One of their number, Peter Ellis Bean, is known to have survived his incarceration; he escaped and fought for Father Miguel Hidalgo‘s Mexican revolutionaries against Spain, returned to the United States in 1818, then re-settled in post-independence Mexico. Bean conferred on posterity a memoir recalling that during their imprisonment,*

Some of my companions got leave of the general to go to other towns to live, but I thought I would find out some way of making something. I gave myself out as a hatter. There was a gentleman who trusted me for whatever was necessary to carry on that business. I employed two Spanish hatters to work with me, for, in fact, I was no hatter at all. In about six months I had so raised my name, that no one would purchase hats except of the American. By this means I got a number of journeymen to work with me. I was clear of debt, and making from fifty to sixty dollars per week.

All this entrepreneurialism was unfolding while capital case meandered with no great urgency among Spanish courts. One judge recommended the prisoners’ outright release in 1804; by the time the message had been shipped across the Atlantic and back, it was 1807, and the judge had died. The crown’s reversal horrifyingly required the death of one in every five of the invaders — although since deaths and escapes had now reduced their ranks to just nine, the local authorities mercifully rounded the figure down to one.

On the 9th of November, the nine remaining prisoners were gathered in a Chihuahua barracks and made aware of their situation. They agreed among themselves to cast dice in order of seniority — low roll hangs.**

Blackburn was the oldest, and the first to roll. He threw a 3 and 1. Bean narrates, beginning with the frighteningly mysterious arrival of confessional priests the night before the survival lottery:

all our conversation that night was in view of our being put to death. I told them that we should trust to fate, and not fret ourselves about what we could not remedy. One of them said the bravest would be cast down to see his open grave before him. “But,” said I, “if you find no way to escape that grave, is it not better to march up to it like a man, than to be dragged to it like one dead? It is enough for them to drag me to it when life is gone. The most cowardly, where under sentence of death, have marched up with great bravery. And, as for myself, if I must die, I mean not to disgrace my country.” The reason I talked so was that I did not believe they would put us to death.

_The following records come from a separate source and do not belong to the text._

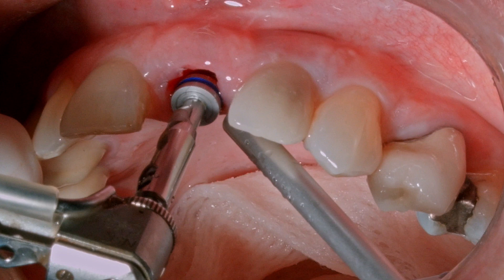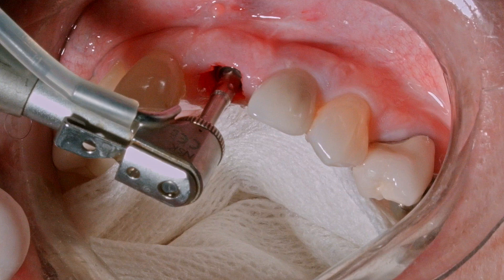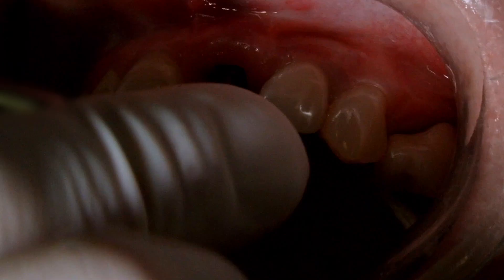Here we're going directly from the number two multi-drill to the number four multi-drill. The multi-drills have a highly engineered cutting capacity and are engineered to match the implant size with excellent precision. We'll see that the implant is able to go into the bone relatively easily but establishes a high primary stability at placement depth.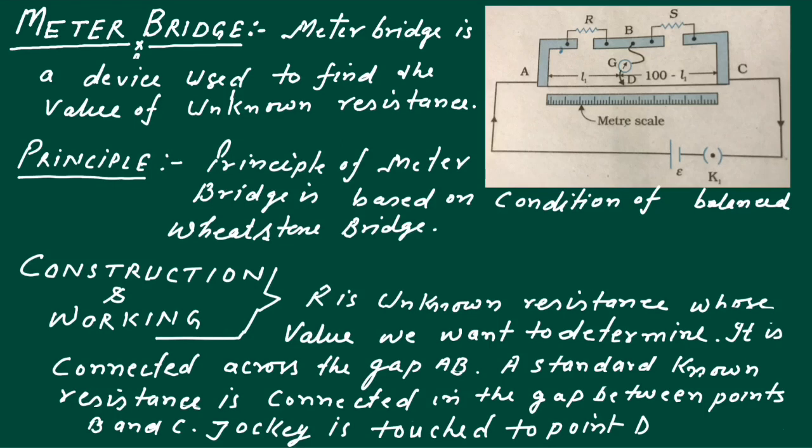Welcome to Online Classes by Pradeep Kumar, PGT Physics. Today's topic is Meter Bridge.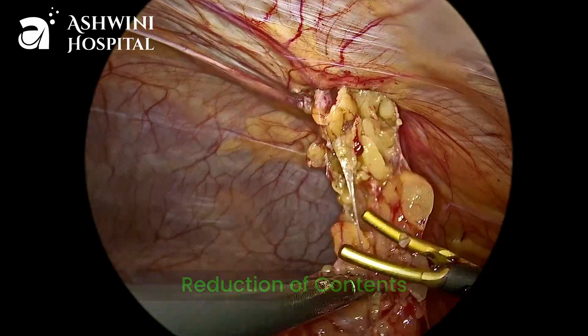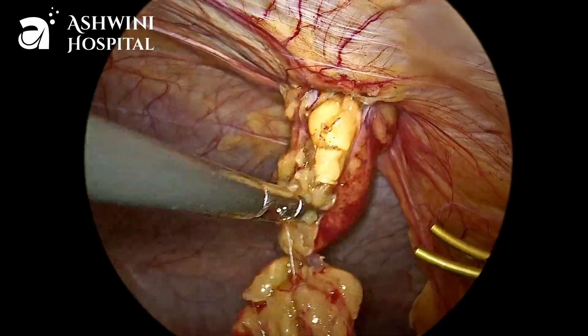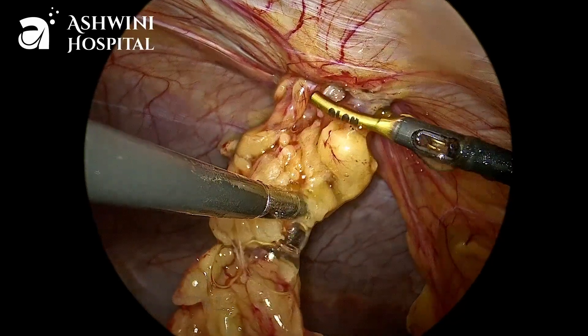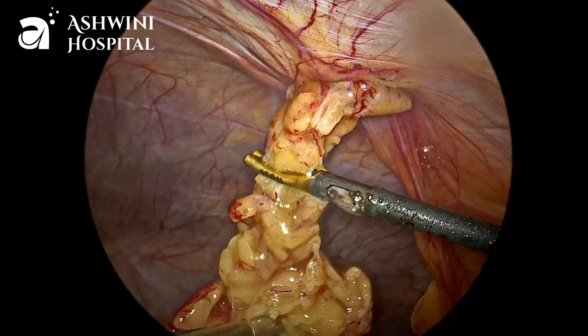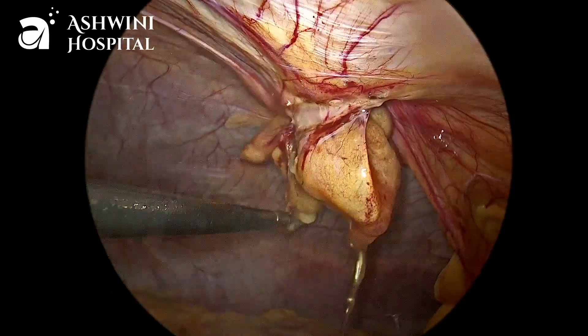Now you can see the contents are slowly getting reduced, and some amount of seroma fluid is also coming out because this is a long-standing hernia. Now the omentum is divided there and the remaining omentum which is in the sac is also slowly pulled out.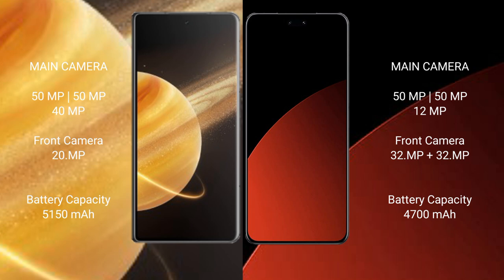Honor Magic V3 has a 5100mAh battery with 66W fast charging support. Samsung CB4 Pro has a 4700mAh battery with 67W fast charging support.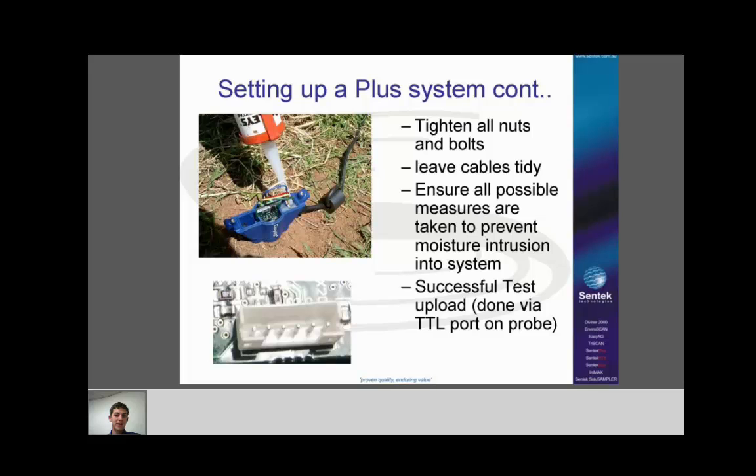Make sure all possible measures are taken to prevent moisture intrusion. Put silicone under the top cap and around the cable gland. Remember that water can come through the cable if there are any breaks or joins — silicone over those as well. Check things regularly, and always replace the gaskets on the EasyAg lid. The last step when setting up a Plus system in the field is to do a successful test upload via the TTL port.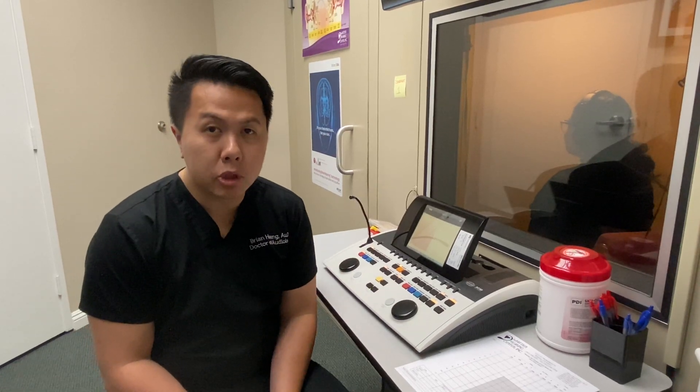The next thing we're going to do is have you go inside the sound booth in order to do a hearing test. You will be instructed to hold a clicker and press on it whenever you hear the beeps. We will normally start on the ear that is better and then followed by the worst ear. We have Paloma sitting inside and I'm going to demonstrate how that works.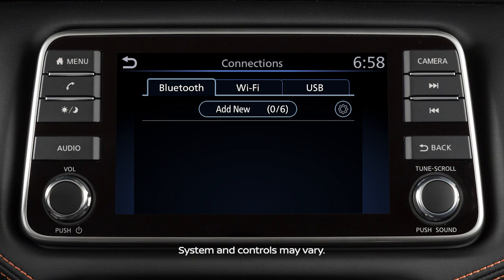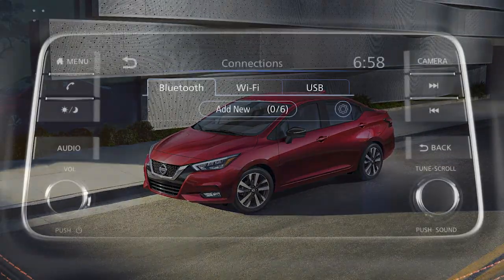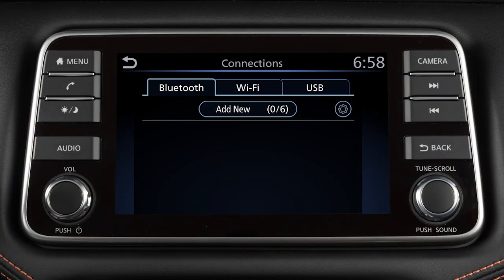Some functions cannot be operated while you are driving. They will be grayed out or muted on the screen. To operate them, park the vehicle in a safe location, then operate your system before resuming.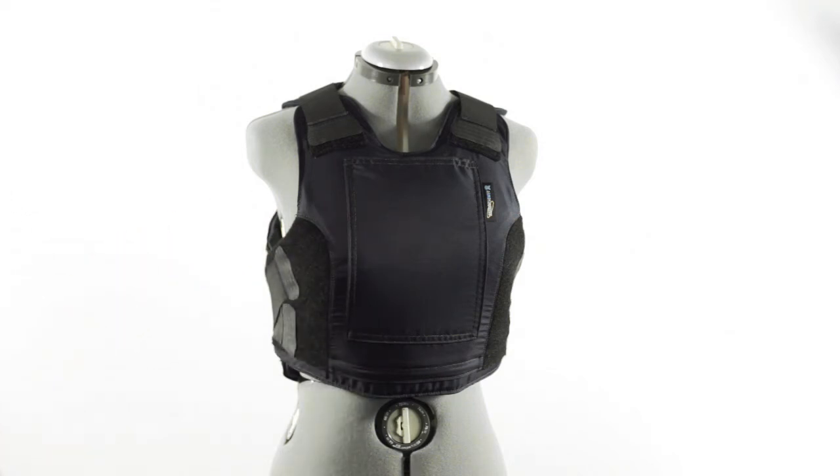The armor in the front of the vest is structured to best accommodate female officers. That is the Female Revolution by Armor Express.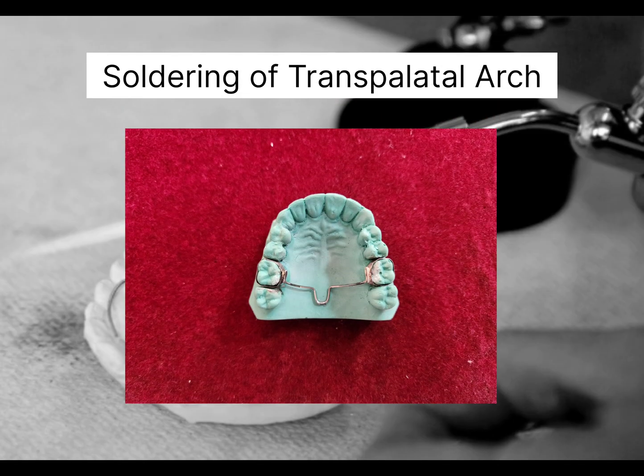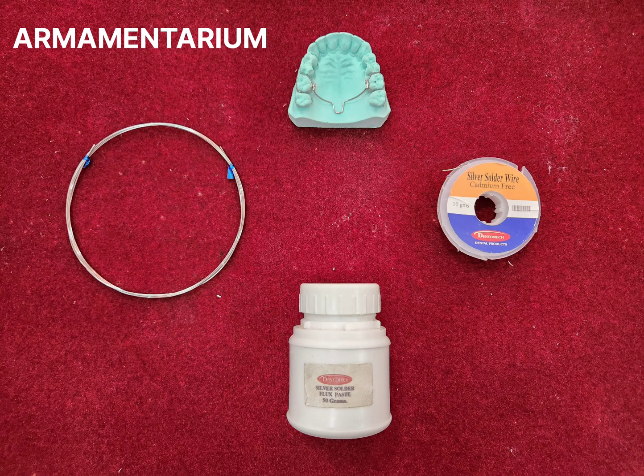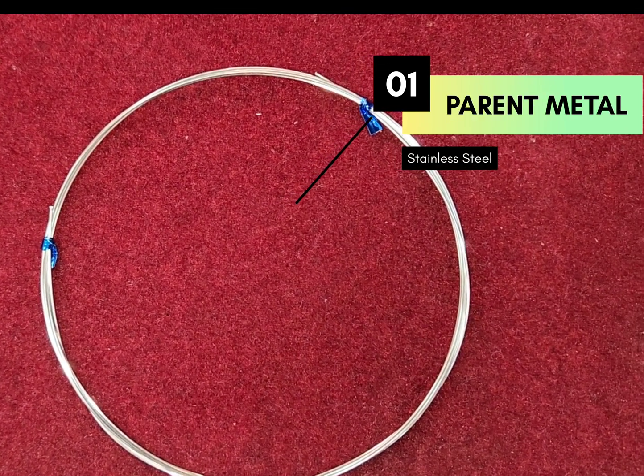For demonstration, we are securing a transpalatal arch. The armamentarium required are parent metal, silver solder, and flux. As parent metal or base metal, we are using stainless steel wire.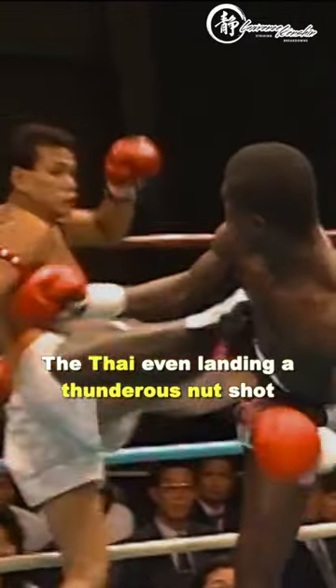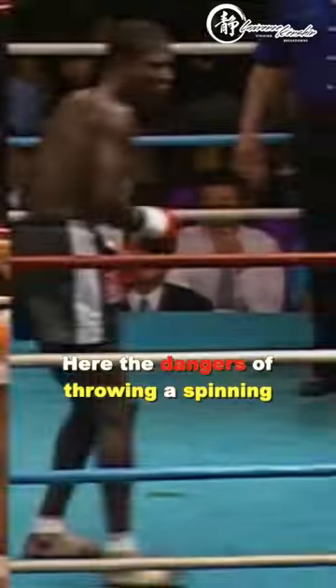The Thai lands a thunderous nut shot. Here the dangers of throwing a spinning kick are shown, with Chan Man landing the kick to the upper chest, and then a rib kick followed by a nut knee.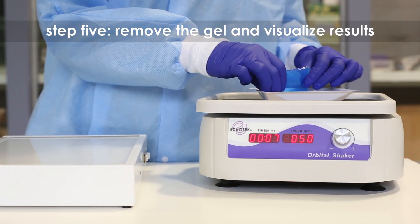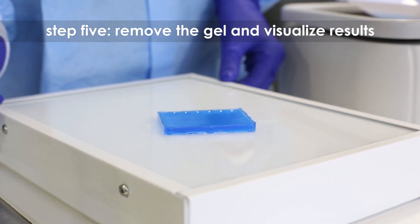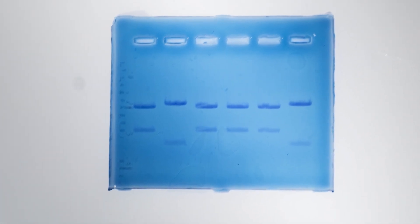Step 5. Remove the gel from the destaining liquid. Visualize the results using a white light visualization system. The DNA will appear as dark blue bands on a light blue background.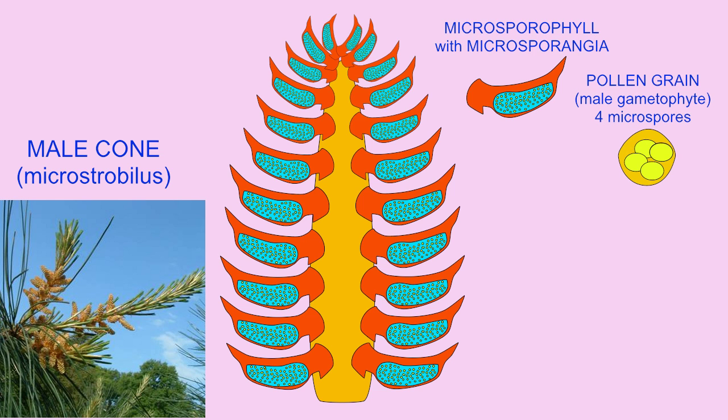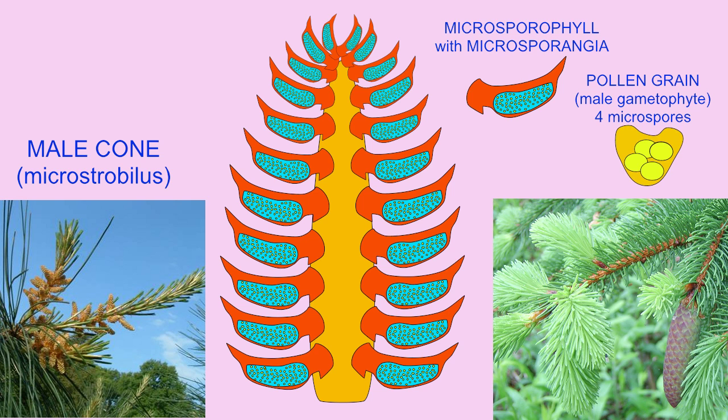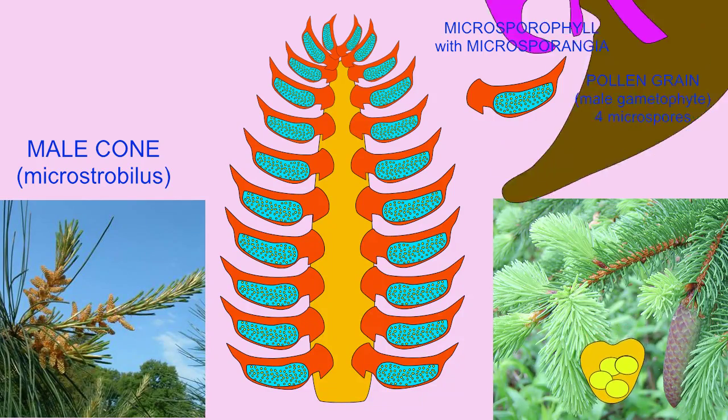This pollen grain also includes two air sacs for buoyancy. Wind may carry the pollen grains, the male gametophyte, to the scales of the female cones, where a sticky ooze may catch them.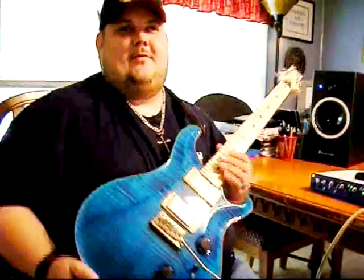The Rock Track. I just wanted to do something real over the top, kind of Steve Vai, Joe Satriani oriented, but with a little bit of my own flavor.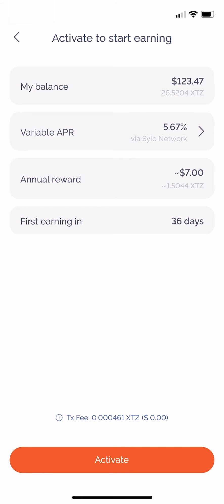Here you can see the balance of your Tezos account, the variable annual percentage rate, the annual rewards, and outlining that your first reward is going to be in the next 36 days.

Soon the next morning the priests returned, and David Fero asked them if we were to be put to death. They said they did not know — perhaps some might be. I then began to conclude it would be me, and all my companions thought the same thing. I, however, said nothing; for, as I had before talked of valor in such cases, it became necessary for me to support that character. The priests said we must confess all our sins to them, and we should be forgiven. As for myself, I had been taught that God knew all my crimes and it was not worth while to relate them to the parsons. But some of my companions began to confess, and had their sins forgiven. When they asked me, I told them I must have four or five days to recollect all my sins — that they were so many, it was doubtful whether I could ever remember them all. The parsons advised me to begin, and God would enlighten me, and help me to remember them. I told them I could not that day, but perhaps by the next day I could remember some things. They then left us. All that day the talk among us was as to who it would be. I told them, I supposed, as I was the worst, it would be me; and, as my friend Tony Waters had been put in with us to share our fate, I thought, as he had broken open my letter, that if the thing went according to justice, and they hung the worst man, it must be him, for he was, without doubt, the greatest villain and ought to have been dead some years ago. Waters sighed, but said nothing. The next day the parsons came again, and brought with them a colonel, who read to us the king’s order — which was, that every fifth man was to be hung, for firing on the king’s troops. But, as some were dead, there were but nine of us, and, out of the nine, but one had to die. This was to be decided by throwing dice on the head of a drum. Whoever threw lowest, was to be executed. It was then agreed that the oldest must throw first. I was the youngest, and had to throw last. The first was blindfolded, and two dice put in a glass tumbler. He was led to the drum which was put in the room, and there cast the dice on the head of the drum. And so we went up, one by one, to cast the awful throw of life or death. All of my companions, except one, threw high: he threw four. As I was the last, all his hopes were that I should throw lower than he. As for my part, I was indifferent about it, for I had resigned myself to fortune. I took the glass in my hand, and gained the prize of life, for I threw five.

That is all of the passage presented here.